**WHAT IS BEING ASKED:** Apart from the pictures, every line below is to be set down exactly.

**COLLECTED MATERIAL:**
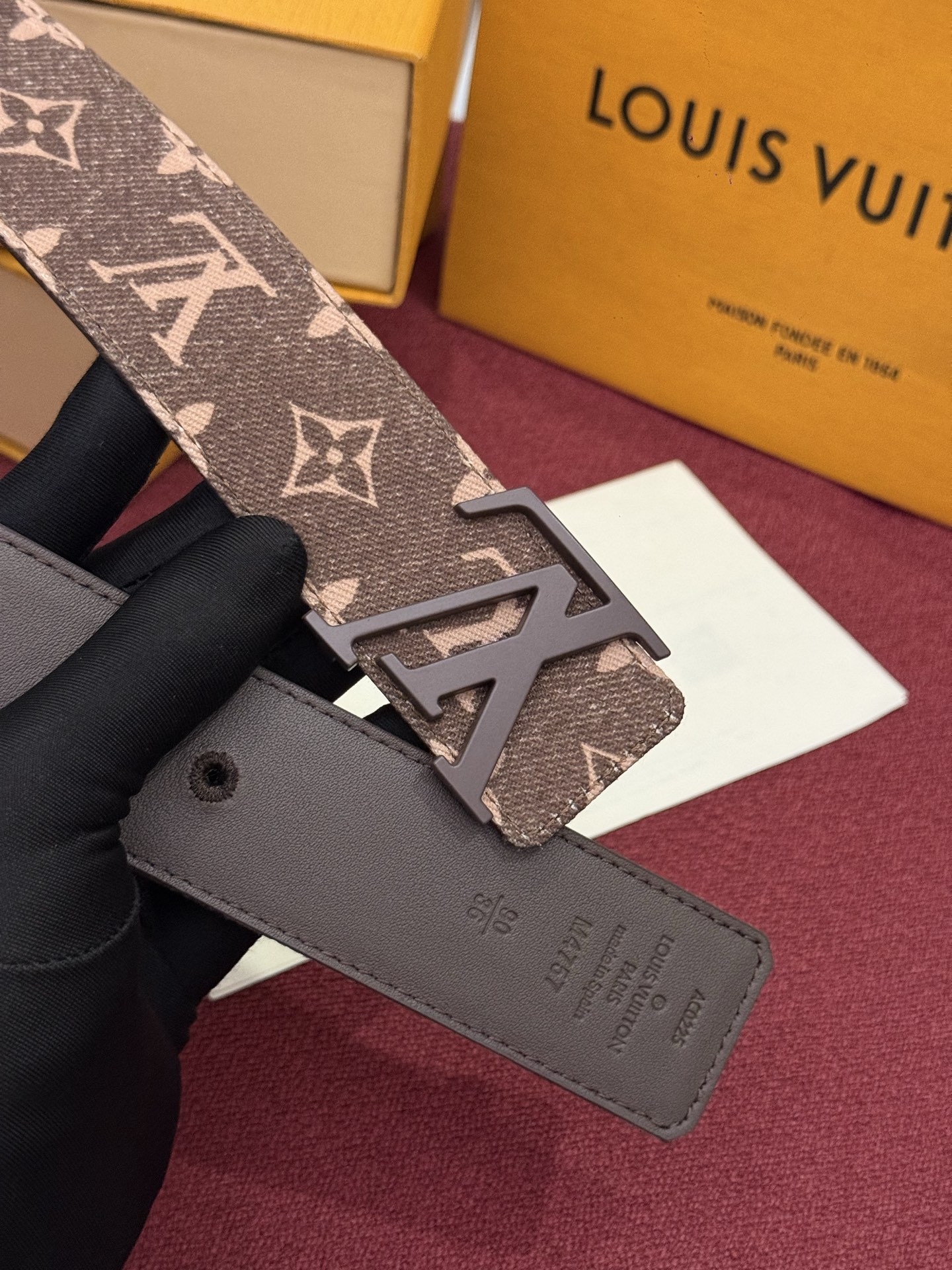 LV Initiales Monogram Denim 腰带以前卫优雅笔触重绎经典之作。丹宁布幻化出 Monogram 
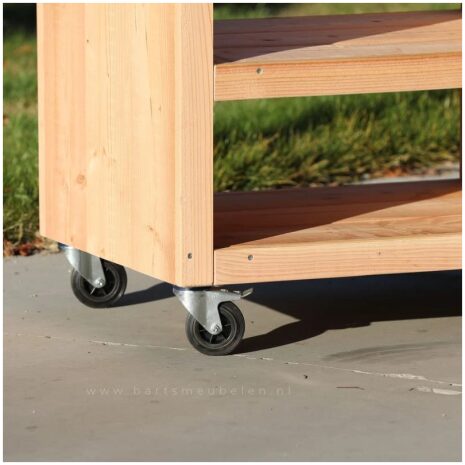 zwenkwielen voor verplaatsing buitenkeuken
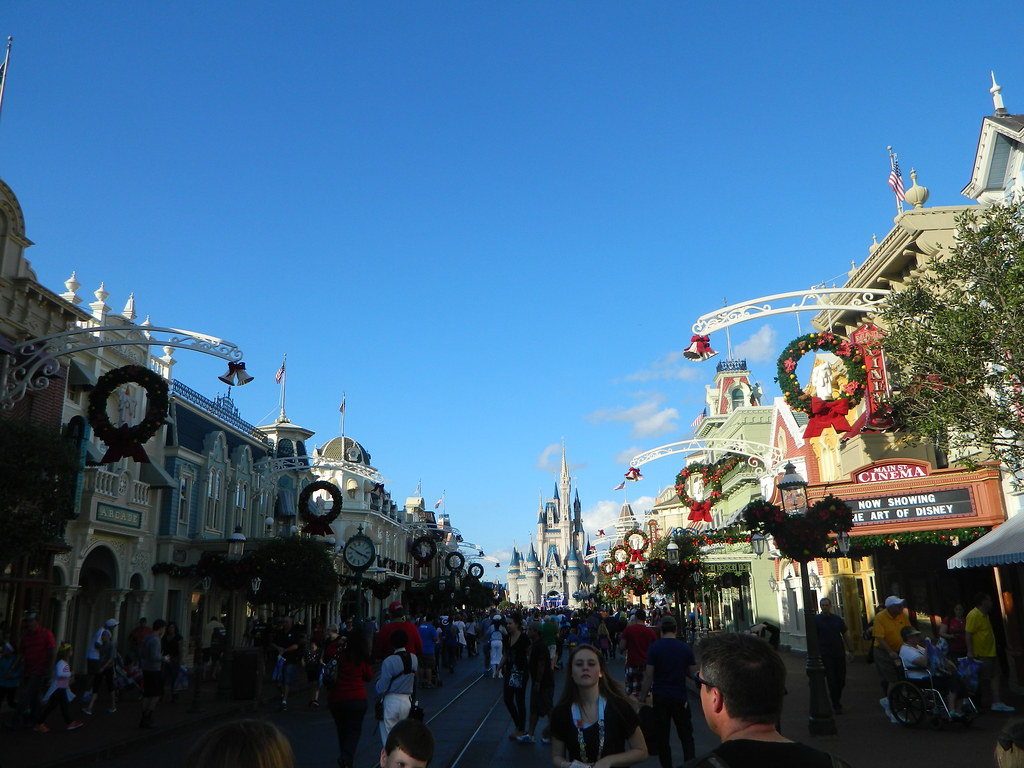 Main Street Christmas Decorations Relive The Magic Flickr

**SOLVED PROBLEM:**
 LV Initiales Monogram Denim 腰带以前卫优雅笔触重绎经典之作。丹宁布幻化出 Monogram 
 zwenkwielen voor verplaatsing buitenkeuken
 Main Street Christmas Decorations Relive The Magic Flickr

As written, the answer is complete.